Anyone mind if I post a real-world example to provide some feedback? This particular example is complex multiply. It's kind of interesting because it has fairly simple requirements, but also a bit peculiar. In essence, it requires some pairwise (i.e. even/odd) permutation. Please see the attached code for a working proof-of-concept (using Vector, but with shuffles done scalar - the code is tested and correct, but slow). For "vAeven", the even elements are copied to the odd positions, and for "vAodd", the odd elements are copied to the even positions. For "vBswap", it's a simple permutation ("swizzle" in the Intel lingo). The algorithm is agnostic to vector length, as long as it is a multiple of 2. In all cases, it would be using the proposed Swizzle2().

Now, it turns out there is a "horizontal add" on AVX (and SSE3) which seems ready-made for complex arithmetic. If that is used, then the two permutations used to generate "vAeven" and "vAodd" can be eliminated - so if you're after the best possible performance, then you'd need to consider exposing the horizontal add as well.

Another possibility is exposing complex multiply as an intrinsic - since the optimal forms on different architectures vary. (It's common enough, in signal processing anyway.) The precedent is that "dot" product is already exposed that way, as well as some matrix operations, and "lerp".

Above, there's some discussion of whether to continue trying to abstract away register length.
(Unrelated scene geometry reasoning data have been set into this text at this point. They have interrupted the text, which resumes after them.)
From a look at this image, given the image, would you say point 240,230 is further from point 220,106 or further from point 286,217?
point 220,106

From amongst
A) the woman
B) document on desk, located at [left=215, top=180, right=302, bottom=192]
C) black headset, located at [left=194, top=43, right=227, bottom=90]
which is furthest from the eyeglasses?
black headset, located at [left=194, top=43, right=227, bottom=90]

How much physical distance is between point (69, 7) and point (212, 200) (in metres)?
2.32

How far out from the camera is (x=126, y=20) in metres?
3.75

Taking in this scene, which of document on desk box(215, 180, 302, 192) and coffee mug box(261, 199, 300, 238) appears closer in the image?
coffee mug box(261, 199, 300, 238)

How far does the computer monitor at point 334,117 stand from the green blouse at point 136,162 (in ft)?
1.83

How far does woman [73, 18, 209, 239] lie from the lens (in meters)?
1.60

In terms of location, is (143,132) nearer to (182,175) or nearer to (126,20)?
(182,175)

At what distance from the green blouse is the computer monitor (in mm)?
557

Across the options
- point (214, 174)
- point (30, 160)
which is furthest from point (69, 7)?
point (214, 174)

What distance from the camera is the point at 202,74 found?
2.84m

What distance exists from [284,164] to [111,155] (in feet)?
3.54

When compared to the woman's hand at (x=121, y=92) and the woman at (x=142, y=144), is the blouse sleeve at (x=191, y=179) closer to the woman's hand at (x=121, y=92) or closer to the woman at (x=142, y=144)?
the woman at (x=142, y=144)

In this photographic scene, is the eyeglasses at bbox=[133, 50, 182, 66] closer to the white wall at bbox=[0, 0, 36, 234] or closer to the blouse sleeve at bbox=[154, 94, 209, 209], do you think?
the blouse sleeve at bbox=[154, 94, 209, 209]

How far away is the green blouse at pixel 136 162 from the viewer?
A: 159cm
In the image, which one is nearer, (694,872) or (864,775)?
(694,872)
As far as from the perspective of this testcase, one possibility might be to add Vector8 - which would turn into two Vector4's in SSE2, but be a single register on AVX.
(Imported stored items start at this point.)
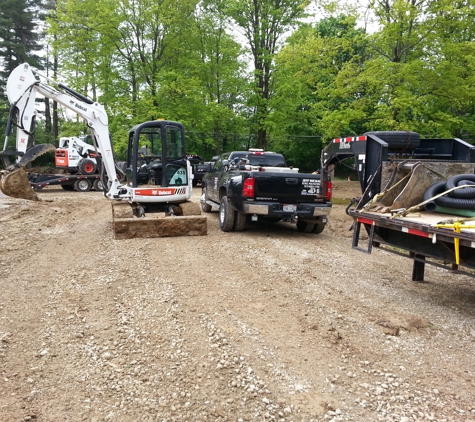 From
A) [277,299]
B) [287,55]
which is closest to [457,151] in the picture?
[277,299]

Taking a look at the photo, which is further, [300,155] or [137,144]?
[300,155]

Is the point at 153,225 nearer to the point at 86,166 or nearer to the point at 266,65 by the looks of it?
the point at 86,166

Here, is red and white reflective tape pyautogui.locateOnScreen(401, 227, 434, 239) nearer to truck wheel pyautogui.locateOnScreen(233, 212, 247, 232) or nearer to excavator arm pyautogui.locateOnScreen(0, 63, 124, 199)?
truck wheel pyautogui.locateOnScreen(233, 212, 247, 232)

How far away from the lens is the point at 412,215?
534 cm

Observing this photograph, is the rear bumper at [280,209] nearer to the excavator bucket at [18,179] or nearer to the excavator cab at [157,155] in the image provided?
the excavator cab at [157,155]

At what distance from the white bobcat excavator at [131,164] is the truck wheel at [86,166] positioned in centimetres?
1215

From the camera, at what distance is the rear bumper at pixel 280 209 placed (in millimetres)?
8898

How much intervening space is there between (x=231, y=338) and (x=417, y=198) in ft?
10.6

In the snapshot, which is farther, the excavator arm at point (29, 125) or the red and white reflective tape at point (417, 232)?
the excavator arm at point (29, 125)

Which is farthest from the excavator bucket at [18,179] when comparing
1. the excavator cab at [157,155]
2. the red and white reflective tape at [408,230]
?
the red and white reflective tape at [408,230]

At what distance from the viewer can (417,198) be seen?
567 centimetres

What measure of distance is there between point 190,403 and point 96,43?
2363 centimetres

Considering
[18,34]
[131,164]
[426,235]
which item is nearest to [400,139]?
[426,235]

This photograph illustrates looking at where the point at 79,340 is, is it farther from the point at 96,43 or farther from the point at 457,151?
the point at 96,43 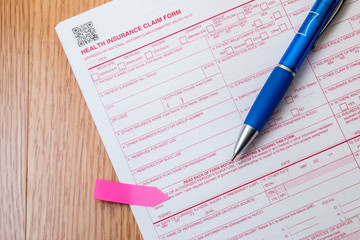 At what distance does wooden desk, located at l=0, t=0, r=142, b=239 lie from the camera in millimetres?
489

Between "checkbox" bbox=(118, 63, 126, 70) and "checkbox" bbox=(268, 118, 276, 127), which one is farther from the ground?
"checkbox" bbox=(118, 63, 126, 70)

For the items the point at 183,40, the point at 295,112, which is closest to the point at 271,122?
the point at 295,112

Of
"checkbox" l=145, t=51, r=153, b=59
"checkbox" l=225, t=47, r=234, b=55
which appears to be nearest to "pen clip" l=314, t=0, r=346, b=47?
"checkbox" l=225, t=47, r=234, b=55

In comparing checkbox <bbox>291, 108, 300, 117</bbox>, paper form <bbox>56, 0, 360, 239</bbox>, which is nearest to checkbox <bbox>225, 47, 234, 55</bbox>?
paper form <bbox>56, 0, 360, 239</bbox>

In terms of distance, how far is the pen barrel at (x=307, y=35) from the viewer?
48cm

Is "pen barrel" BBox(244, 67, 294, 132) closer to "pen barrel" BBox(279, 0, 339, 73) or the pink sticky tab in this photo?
"pen barrel" BBox(279, 0, 339, 73)

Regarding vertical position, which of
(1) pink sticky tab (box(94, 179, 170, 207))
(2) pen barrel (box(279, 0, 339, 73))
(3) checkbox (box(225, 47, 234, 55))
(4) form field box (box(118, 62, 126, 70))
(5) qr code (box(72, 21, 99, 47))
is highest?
(5) qr code (box(72, 21, 99, 47))

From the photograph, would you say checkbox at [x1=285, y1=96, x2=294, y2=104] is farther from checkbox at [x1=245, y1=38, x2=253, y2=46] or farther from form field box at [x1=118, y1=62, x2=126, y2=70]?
form field box at [x1=118, y1=62, x2=126, y2=70]

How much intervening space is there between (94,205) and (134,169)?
7cm

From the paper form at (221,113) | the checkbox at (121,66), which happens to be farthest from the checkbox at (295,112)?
the checkbox at (121,66)

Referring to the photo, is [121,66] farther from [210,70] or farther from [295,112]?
[295,112]

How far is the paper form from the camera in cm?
48

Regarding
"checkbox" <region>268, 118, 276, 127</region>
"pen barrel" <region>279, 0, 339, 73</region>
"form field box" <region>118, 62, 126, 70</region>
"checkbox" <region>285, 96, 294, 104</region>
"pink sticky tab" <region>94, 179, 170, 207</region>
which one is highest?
"form field box" <region>118, 62, 126, 70</region>

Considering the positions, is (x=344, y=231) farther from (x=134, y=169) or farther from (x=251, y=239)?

Maybe I've just muddied the water, and complex-multiply should be split off into it's own 'issue'?

complexmultiply.txt

tfenise commented 8 years ago

I think instead of having:

public static Vector<double> Swizzle (Vector<double> a, int s0, int s1);

we could have:

public static Vector<Vector2Double> Swizzle(Vector<Vector2Double> a, int s0, int s1);

The only "difference" between Vector<double> and Vector<Vector2Double> is that a Vector<Vector2Double> is guaranteed to consist of an even number of doubles. This become important if we want to provide Vector<Vector4Double>, which must occupy two 128-bit registers without AVX on x64.
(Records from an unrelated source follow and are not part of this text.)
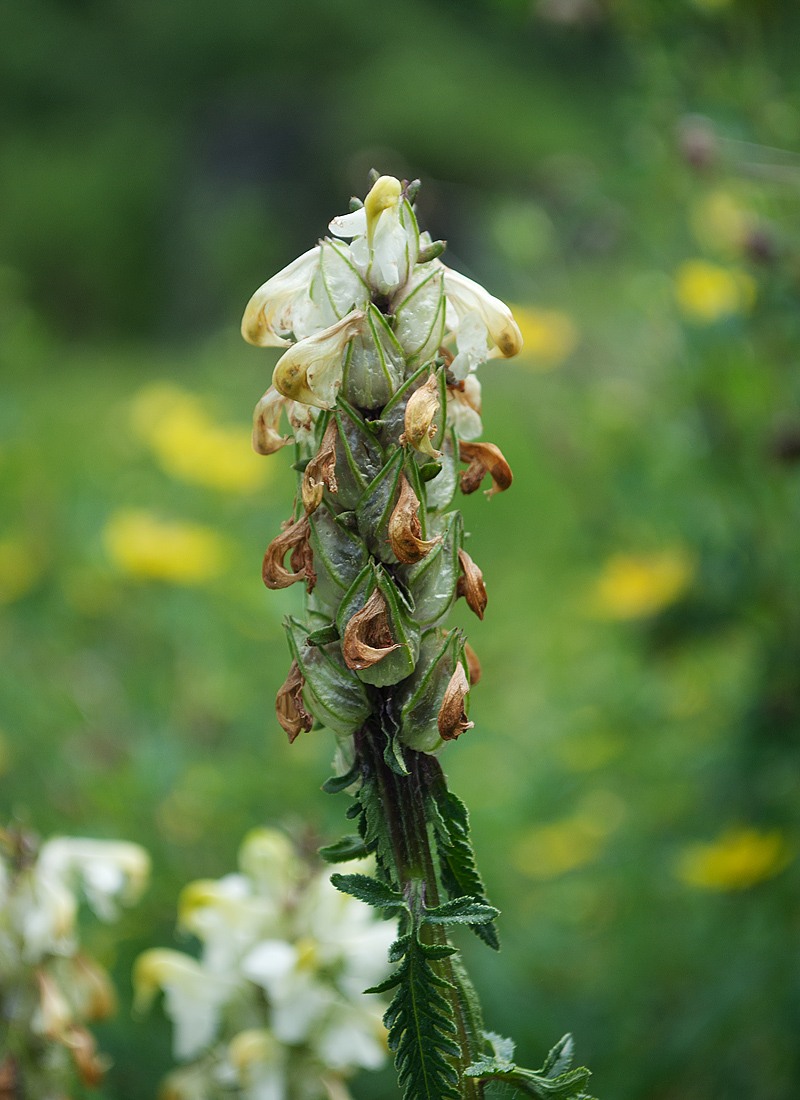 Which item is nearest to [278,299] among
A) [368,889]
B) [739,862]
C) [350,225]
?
[350,225]

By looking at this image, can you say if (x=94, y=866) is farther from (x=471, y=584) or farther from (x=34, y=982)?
(x=471, y=584)

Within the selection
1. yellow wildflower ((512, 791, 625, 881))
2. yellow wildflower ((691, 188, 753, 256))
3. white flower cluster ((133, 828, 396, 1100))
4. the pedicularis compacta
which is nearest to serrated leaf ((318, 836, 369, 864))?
the pedicularis compacta

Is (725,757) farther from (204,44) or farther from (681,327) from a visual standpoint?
(204,44)

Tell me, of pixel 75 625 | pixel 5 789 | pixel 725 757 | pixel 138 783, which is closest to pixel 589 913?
pixel 725 757

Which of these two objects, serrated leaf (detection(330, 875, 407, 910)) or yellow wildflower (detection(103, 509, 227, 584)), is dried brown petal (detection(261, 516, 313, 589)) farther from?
yellow wildflower (detection(103, 509, 227, 584))

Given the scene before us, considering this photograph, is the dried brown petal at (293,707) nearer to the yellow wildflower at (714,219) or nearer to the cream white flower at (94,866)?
the cream white flower at (94,866) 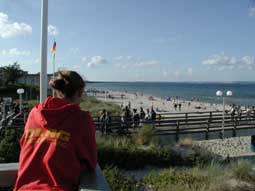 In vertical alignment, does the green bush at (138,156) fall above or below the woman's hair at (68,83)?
below

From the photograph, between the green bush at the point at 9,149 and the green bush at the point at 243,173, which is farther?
the green bush at the point at 9,149

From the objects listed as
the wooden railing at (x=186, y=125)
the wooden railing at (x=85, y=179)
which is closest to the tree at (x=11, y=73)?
the wooden railing at (x=186, y=125)

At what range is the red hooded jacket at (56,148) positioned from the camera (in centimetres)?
200

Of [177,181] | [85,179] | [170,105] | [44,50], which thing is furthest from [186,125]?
[170,105]

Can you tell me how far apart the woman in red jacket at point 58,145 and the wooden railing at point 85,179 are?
40 millimetres

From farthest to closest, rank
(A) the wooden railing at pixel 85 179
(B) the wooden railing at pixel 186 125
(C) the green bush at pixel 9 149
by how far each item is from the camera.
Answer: (B) the wooden railing at pixel 186 125
(C) the green bush at pixel 9 149
(A) the wooden railing at pixel 85 179

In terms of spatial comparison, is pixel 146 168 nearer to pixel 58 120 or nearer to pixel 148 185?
pixel 148 185

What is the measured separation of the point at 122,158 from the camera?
1284 centimetres

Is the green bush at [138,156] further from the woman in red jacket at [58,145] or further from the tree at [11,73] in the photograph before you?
the tree at [11,73]

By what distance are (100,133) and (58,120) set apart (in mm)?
14688

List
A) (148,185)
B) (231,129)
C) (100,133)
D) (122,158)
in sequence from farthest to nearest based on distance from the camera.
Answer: (231,129) < (100,133) < (122,158) < (148,185)

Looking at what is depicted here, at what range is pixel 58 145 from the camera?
80.1 inches

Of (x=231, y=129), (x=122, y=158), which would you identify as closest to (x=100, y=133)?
(x=122, y=158)

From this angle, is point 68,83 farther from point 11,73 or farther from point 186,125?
point 11,73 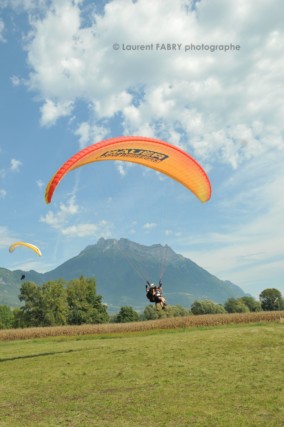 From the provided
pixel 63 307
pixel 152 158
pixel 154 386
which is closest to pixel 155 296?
pixel 154 386

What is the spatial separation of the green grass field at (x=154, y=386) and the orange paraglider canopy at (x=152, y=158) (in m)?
7.61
On a machine with SSE2, Swizzle(a, 1, 0) could behave as follow:

(x0, x1) -> (x1, x0)

but on a machine with AVX, it could behave like this:

(x0, x1, x2, x3) -> (x1, x0, x3, x2)

Thus it does not break the abstraction of Vector of not needing to know the underlying register size.

CarolEidt commented 8 years ago

The problem with the proposed APIs (both the one proposed by @MikePopoloski, as well as those proposed by @tfenise) is that the hardware (at least SSE and AVX and their derivatives, but presumably other implementations as well) do not support shuffles or permutations with variable selectors. While one could imagine that the JIT could simply do constant propagation to deal with that, in the event that it could not derive constant values the code generation would be complex, and not give the developer the performance they might expect. That is why it would be more desirable to come up with useful names for the types of permutation to be done. I think it is reasonable to set as a design parameter that Vector<T>.Count will always be an even number. This would make it reasonable to provide methods such as Swap, Even and Odd that address the Complex case (though presumably one might want an Even that compresses the vector - i.e. two Vector<T>s as input would give one Vector<T> with just the even elements, as well as an Even that does what the example @programmatom provided would want - which duplicates the even elements to produce a Vector<T> from a single input.

terrajobst commented 8 years ago

That would seem reasonable to me.

Others?

tfenise commented 8 years ago

What about permutations among four or more elements?

CarolEidt commented 8 years ago

Shuffles and permutations of more than a couple of elements are problematic with Vector<T>, and I'd love to hear of additional use cases. For shuffles of fixed-size vectors, I think a "field name" approach would be good, e.g.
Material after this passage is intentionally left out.